We also shared dinners and workshops with folks from all over the world who gather at the uneasy crossroads of religion and politics. To a person, everyone we met was kind and gracious and excited to be there. Holly and I especially enjoyed a long dinner conversation an editor at Harper Collins who edits many of the publisher’s religious writers, including Desmond Tutu, Barbara Brown Taylor, Rob Bell, Marcus Borg, N.T. Wright, and John Spong.

Holly and I participated in the Congressional Black Caucus’ rally against poverty. This was the most spiritual of the events we attended. It included a number of U.S. representatives, the mayor of D.C., a handful of clergy from Christianity, Judaism, Sikhism and Islam, and Jim Wallace, one of my heroes. A gorgeous gospel choir sang while speakers talked about America’s frequent failure to link economic justice to its religious rhetoric. It was quite moving.

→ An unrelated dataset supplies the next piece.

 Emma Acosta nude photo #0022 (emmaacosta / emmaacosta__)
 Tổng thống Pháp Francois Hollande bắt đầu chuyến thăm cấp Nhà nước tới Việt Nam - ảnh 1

I have to admit that I did not know very much about the National Prayer Breakfast before embarking on this trip and I was quite surprised to learn about the organization behind the event. The breakfast is not run by congress. It is organized by a group called The Fellowship Foundation, a conservative Christian organization commonly known as “The Family” or the “International Foundation,” which seeks to provide fellowship, Bible studies, prayer meetings, and networking for political and religious leaders. Affiliates refer to each other as “Friends”, and the group tries to be very private about its affairs. You can read more about it in The New Yorker. My sense is that The Fellowship Foundation is the most influential religious group I had never heard of. They broker relationships at the highest levels of government and promote similar networking at the state and local level across the country.

On the surface, the National Prayer Breakfast is an interfaith gathering, but Christianity is clearly given priority. Within Christianity, a personal relationship with Jesus is clearly given priority. The goal of the Fellowship is to encourage people to model Jesus’ behavior. According to one person with whom I spoke, the Fellowship Foundation is quite skeptical of organized religion. In fact, the only other person I saw wearing a collar besides my wife at the gathering of 3,500 people was a single Roman Catholic chaplain. My guess is that the gathering leans heavily on non-denominational evangelical Christians.

I have to admit that I am still trying to figure out what I think of the whole thing. The goals of fellowship and prayer and living like Jesus are excellent. But the homogeneity of the crowd and the sense that everyone’s theology should be like theirs was creepy. I’m grateful that we had the chance to go, however, because Holly and I started off a good relationship with Barbara Lee, saw much of D.C., and learned much more about the complexity of about the attempt to separate church and state in our country.